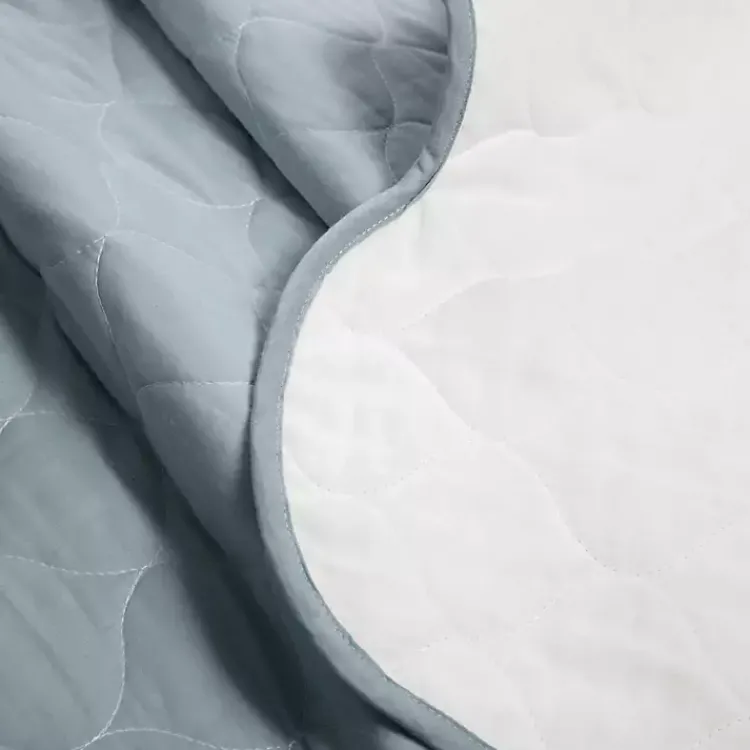 Kirklands Home White and Blue Scallop 3-pc. Full/Queen Quilt Set New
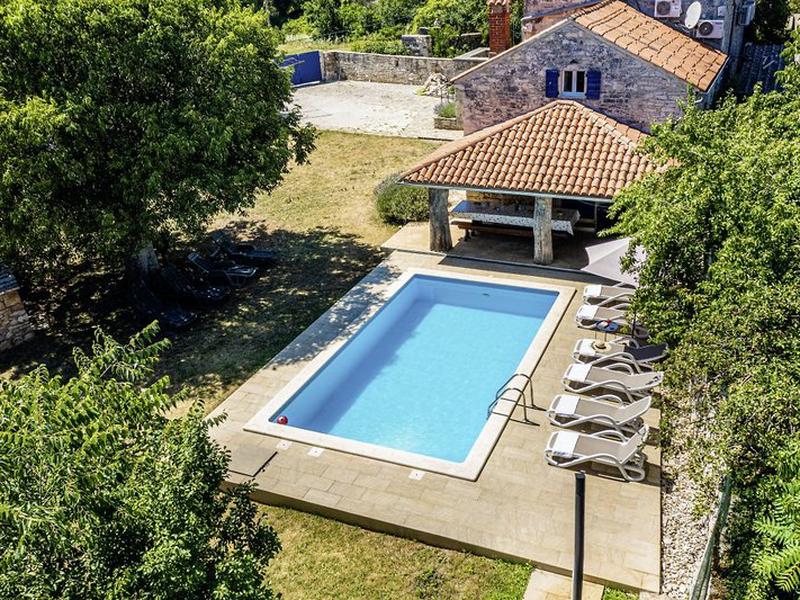 8FE8A095F5BC97EE953124A0C185EAEF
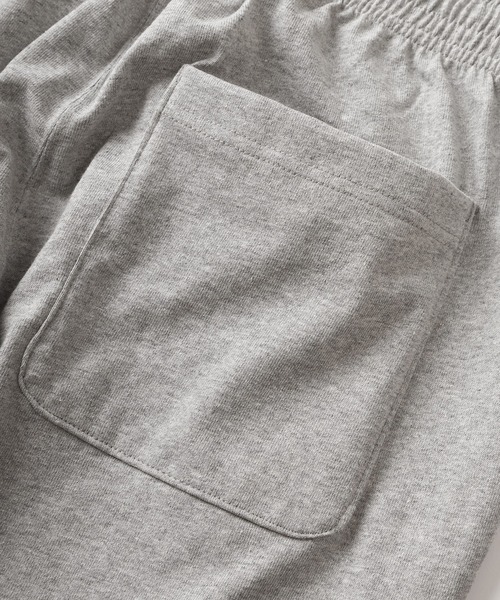 Champion(チャンピオン)の「【Champion/チャンピオン】ブランドネームロゴ刺繍&ミニワッペンデザイン コットンジャージー生地 ショーツ/ショートパンツ(その他パンツ・メンズ・モスグリーン/ホワイト/グレー/ブラック・M/L/XL)」の12枚目の写真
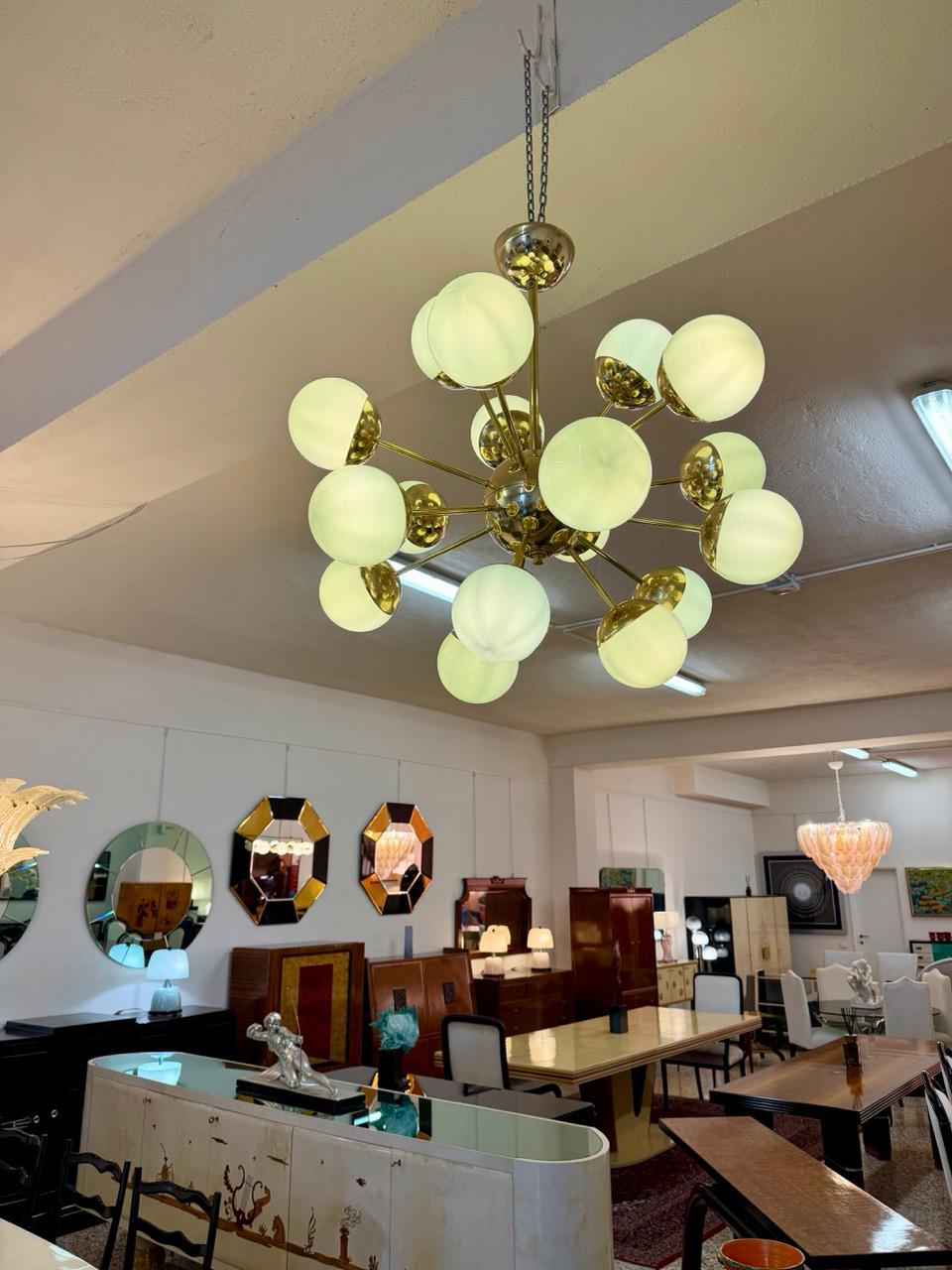 Murano Glass Sputnik Chandelier in Sage Green and Brass in vendita 3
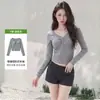 Elegante camiseta de color liso con cuello en V para mujer, colección de otoño, con corte entallado, detalles de botones, mangas largas únicas y un efecto adelgazante, perfecta como capa base clásica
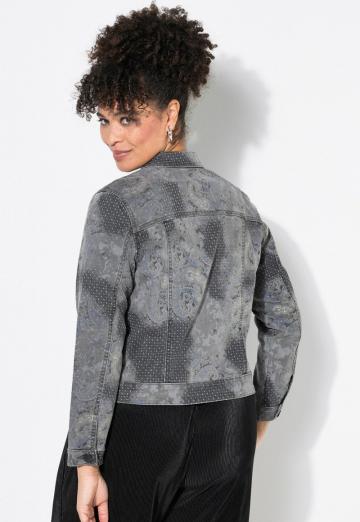 Джинсовая куртка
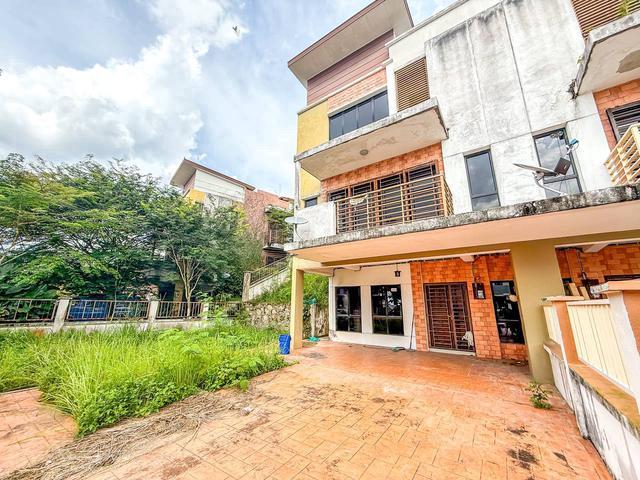 Terraced House for sale in Petaling, Alam Impian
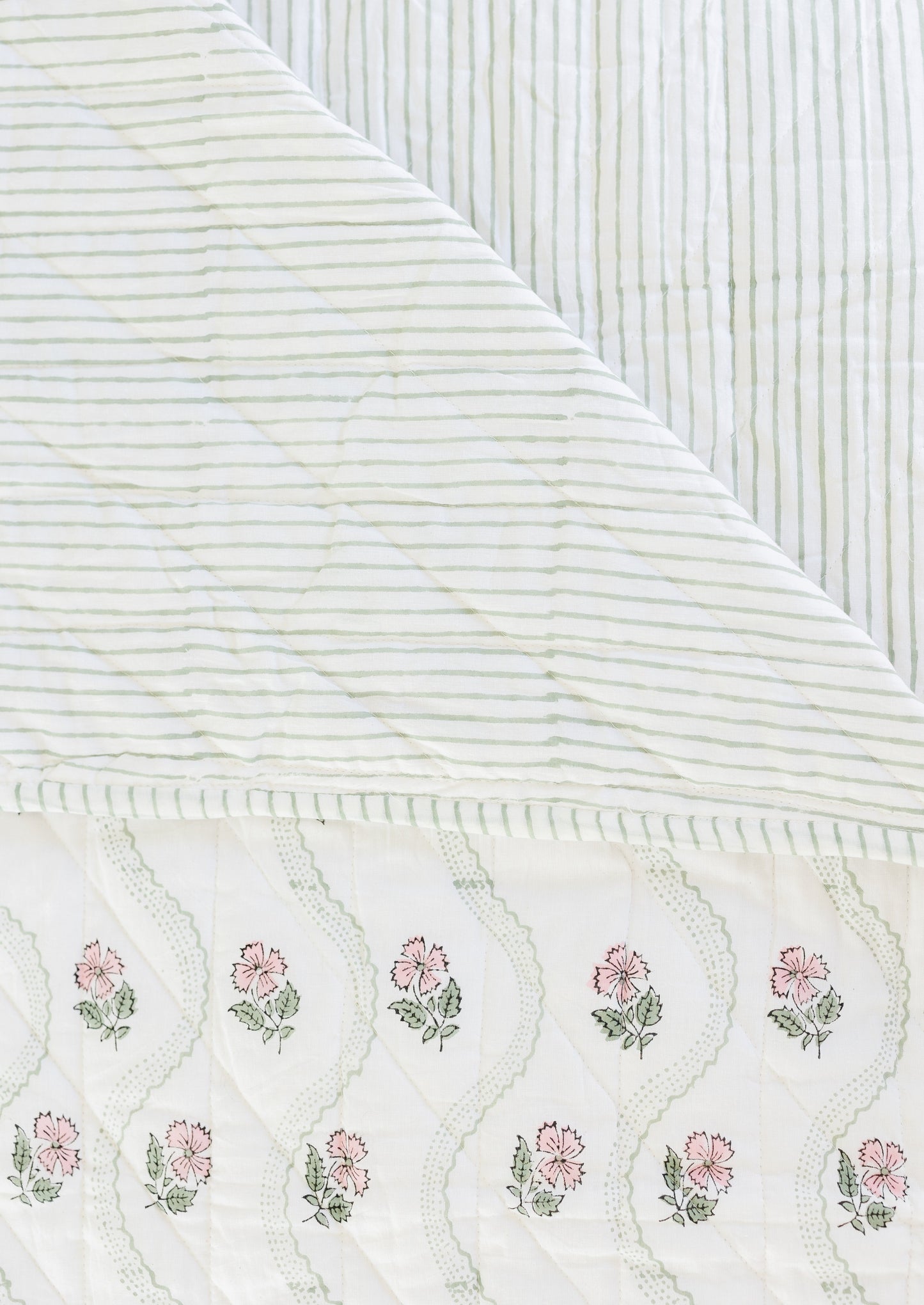 DAHLIA BABY/TODDLER QUILT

◆ Task to carry out
In the listing above, find the line containing "Murano Glass Sputnik" and the line containing "Джинсовая куртка", then print exactly those two lines and every line between them, minus the pictures.

◆ Output for this exercise
 Murano Glass Sputnik Chandelier in Sage Green and Brass in vendita 3
 Elegante camiseta de color liso con cuello en V para mujer, colección de otoño, con corte entallado, detalles de botones, mangas largas únicas y un efecto adelgazante, perfecta como capa base clásica
 Джинсовая куртка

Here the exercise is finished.